__Exercise description__: Your output is to hold only the lines from the one showing "Rosario Robles es" through the end of the listing, exactly, with every picture excluded.

################

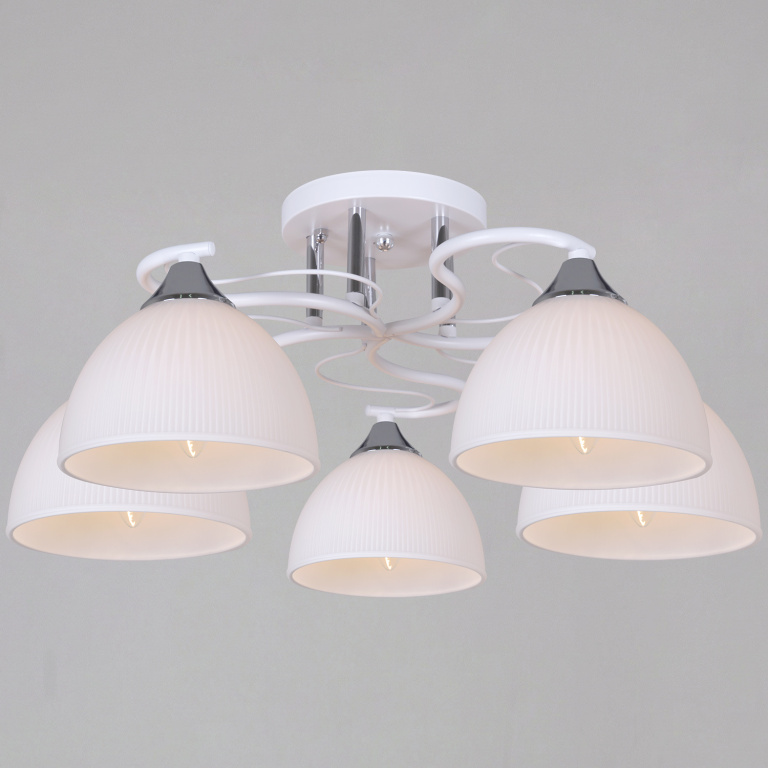 Люстра потолочная S285460/5 WT E27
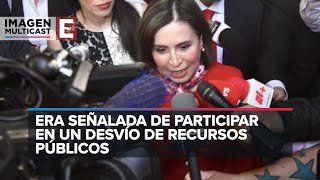 Rosario Robles es absuelta por el caso de la Estafa Maestra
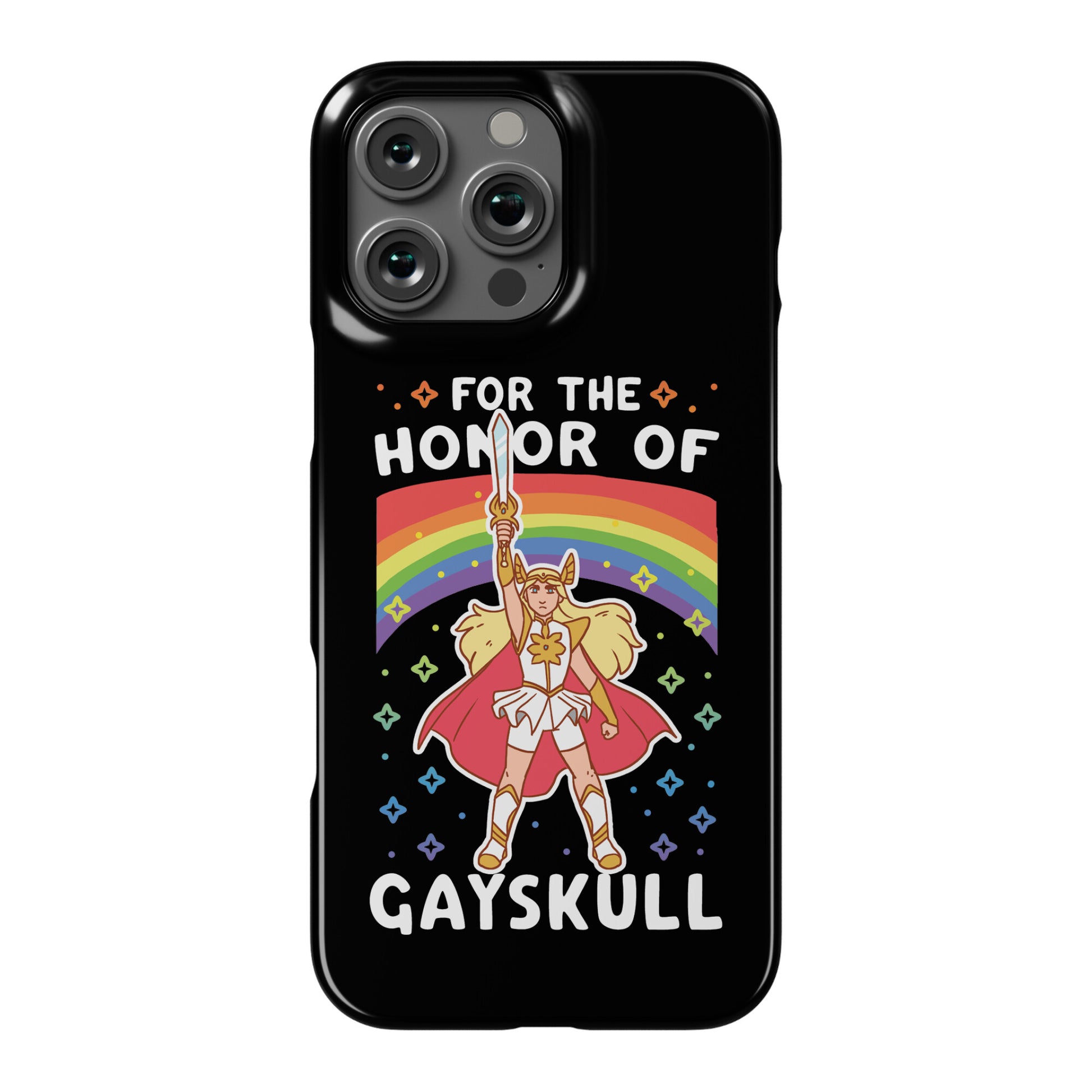 For the Honor of Gayskull Phone Case
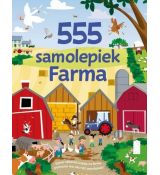 555 samolepiek Farma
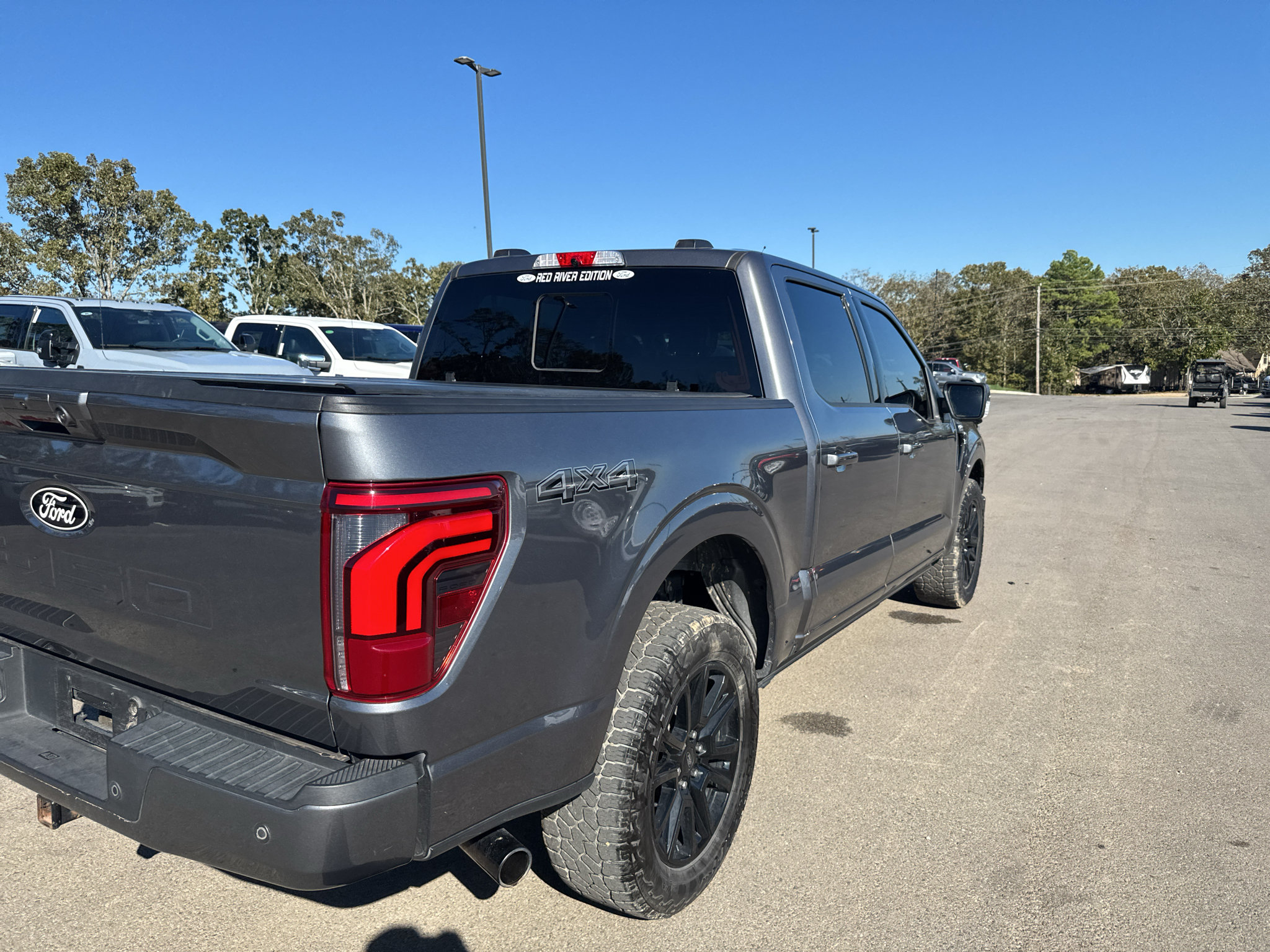 Certified 2024 Ford F150 Platinum AWD/4WD image 7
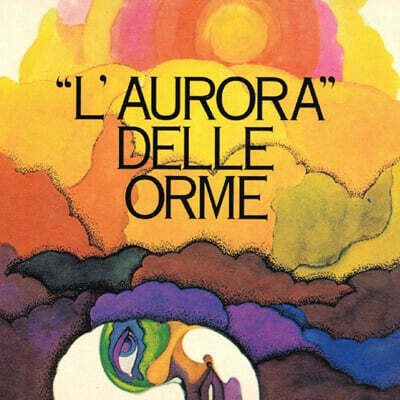 Le Orme — "L'Aurora" Delle Orme 앨범 커버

################

__Your response__:
 Rosario Robles es absuelta por el caso de la Estafa Maestra
 For the Honor of Gayskull Phone Case
 555 samolepiek Farma
 Certified 2024 Ford F150 Platinum AWD/4WD image 7
 Le Orme — "L'Aurora" Delle Orme 앨범 커버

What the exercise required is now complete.